Question 27-A of the survey asked which cloud computing platforms respondents use on a regular basis. The top 3 are clearly Amazon Web Services (AWS), Google Cloud Platform (GCP), and Microsoft Azure, although 91 “other” participants (approximately 4.5% of the 2,001 in total) indicated that they do not use a cloud computing platform.


The heat map below illustrates the most popular cloud computing platforms.

In [None]:
# Create heat map

create_heat_map(dataframe=df_cc_us_grouped_pivot_sorted,
                x_axis_title='Cloud Platform',
                y_axis_title='Job Title',
                color_bar='Count',
                x_axis_tick_angle=45)

## **Educational Background**<a name='education'></a>

In [None]:
# Filter data to see only country names and educational background

df_edu = df[['Q3', 'Q4', 'Q5']]

In [None]:
# Filter data to see only results for United States

df_edu_us = df_edu[df_edu['Q3'] == 'United States of America']

# Rename columns for readability

df_edu_us = df_edu_us.rename(columns={'Q3': 'Country',
                                      'Q4': 'Education Level',
                                      'Q5': 'Job Title'})

In [None]:
# Group and aggregate

df_edu_us_grouped = df_edu_us.groupby(['Job Title', 'Education Level'])['Education Level'].count().reset_index(name='Count')
    
df_edu_us_sorted = df_edu_us_grouped.sort_values(by='Job Title', ascending=True)

In [None]:
# Drop rows for students and those not employed

index_edu_1 = df_edu_us_sorted[df_edu_us_sorted['Job Title'] == 'Student'].index
index_edu_2 = df_edu_us_sorted[df_edu_us_sorted['Job Title'] == 'Currently not employed'].index

df_edu_us_sorted.drop(index_edu_1, inplace = True)
df_edu_us_sorted.drop(index_edu_2, inplace = True)

In [None]:
# Create pivot table

df_edu_grouped_pivot = pd.pivot_table(
    df_edu_us_sorted,
    values='Count',
    index='Job Title',
    columns='Education Level',
    aggfunc=np.sum,
    fill_value=0,
    margins=False
)

A total of 2,001 responses to this question were analyzed (again filtering out those who are not currently employed and students). The overwhelming majority of respondents have master’s degrees (988 [49.3%]). A total of 484 participants (24.2%) have bachelor’s degrees, followed by 367 (18.3%) with doctoral degrees.

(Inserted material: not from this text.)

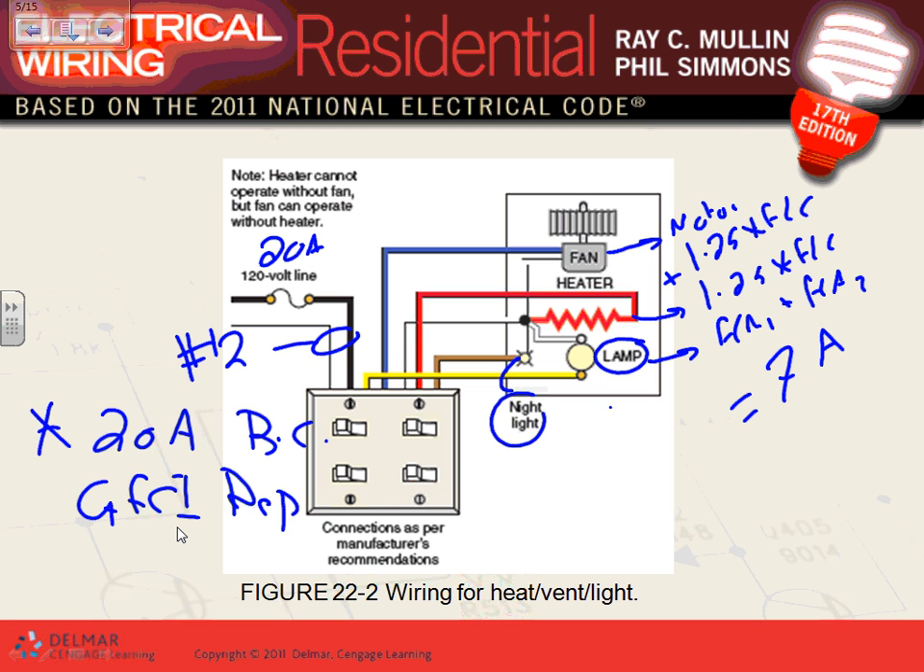You can feed an exhaust fan from the bathroom lighting circuit if it's just a fan with no heat. But this combo with heat and lights takes a lot of energy — it's more than just an exhaust fan. So the deal is: 20-amp dedicated circuit. Every piece of equipment has a nameplate with the recommended full load current, overcurrent protection device, and branch circuit size.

Overall, data scientists have the highest number of doctoral degrees and master’s degrees (115 and 248, respectively). Again, it would be helpful to know what job titles are included in the “other” category, as this category shows the highest volume (101) of bachelor’s degrees out of all the job titles listed. Many individuals who identified themselves as being in the “other” category have master’s degrees as well, with a total of 166. Unsurprisingly, research scientists are highly educated, with nearly 60% having doctoral degrees.

It is not readily apparent from the data what differentiates a doctoral degree from a professional doctorate, but this distinction may only be important in academic contexts; it is not clear if this difference is relevant in a real-world setting.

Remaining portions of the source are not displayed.